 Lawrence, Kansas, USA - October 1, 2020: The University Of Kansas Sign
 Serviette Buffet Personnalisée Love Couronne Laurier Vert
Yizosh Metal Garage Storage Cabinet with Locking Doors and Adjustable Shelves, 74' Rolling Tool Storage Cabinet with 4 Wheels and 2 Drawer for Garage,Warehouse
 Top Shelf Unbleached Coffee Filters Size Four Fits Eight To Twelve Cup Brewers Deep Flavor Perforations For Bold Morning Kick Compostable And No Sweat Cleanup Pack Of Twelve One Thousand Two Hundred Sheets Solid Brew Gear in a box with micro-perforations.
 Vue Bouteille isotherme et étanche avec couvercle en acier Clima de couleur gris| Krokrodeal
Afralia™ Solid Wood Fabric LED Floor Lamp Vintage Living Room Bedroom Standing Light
◆ ◆ ◆ ◆ ◆ ◆ ◆
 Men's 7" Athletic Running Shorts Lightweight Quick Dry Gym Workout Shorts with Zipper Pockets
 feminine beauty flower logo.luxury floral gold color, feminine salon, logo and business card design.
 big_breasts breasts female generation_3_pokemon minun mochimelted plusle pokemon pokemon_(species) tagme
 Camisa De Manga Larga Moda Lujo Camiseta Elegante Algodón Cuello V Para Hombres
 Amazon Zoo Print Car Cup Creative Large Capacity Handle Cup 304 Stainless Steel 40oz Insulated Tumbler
◆ ◆ ◆ ◆ ◆ ◆ ◆
(Directions): In the listing above, find the line with "Lawrence, Kansas, USA" and the line with "Afralia™ Solid Wood". Output those two lines and every line between them, exactly as written.

(Answer):
 Lawrence, Kansas, USA - October 1, 2020: The University Of Kansas Sign
 Serviette Buffet Personnalisée Love Couronne Laurier Vert
Yizosh Metal Garage Storage Cabinet with Locking Doors and Adjustable Shelves, 74' Rolling Tool Storage Cabinet with 4 Wheels and 2 Drawer for Garage,Warehouse
 Top Shelf Unbleached Coffee Filters Size Four Fits Eight To Twelve Cup Brewers Deep Flavor Perforations For Bold Morning Kick Compostable And No Sweat Cleanup Pack Of Twelve One Thousand Two Hundred Sheets Solid Brew Gear in a box with micro-perforations.
 Vue Bouteille isotherme et étanche avec couvercle en acier Clima de couleur gris| Krokrodeal
Afralia™ Solid Wood Fabric LED Floor Lamp Vintage Living Room Bedroom Standing Light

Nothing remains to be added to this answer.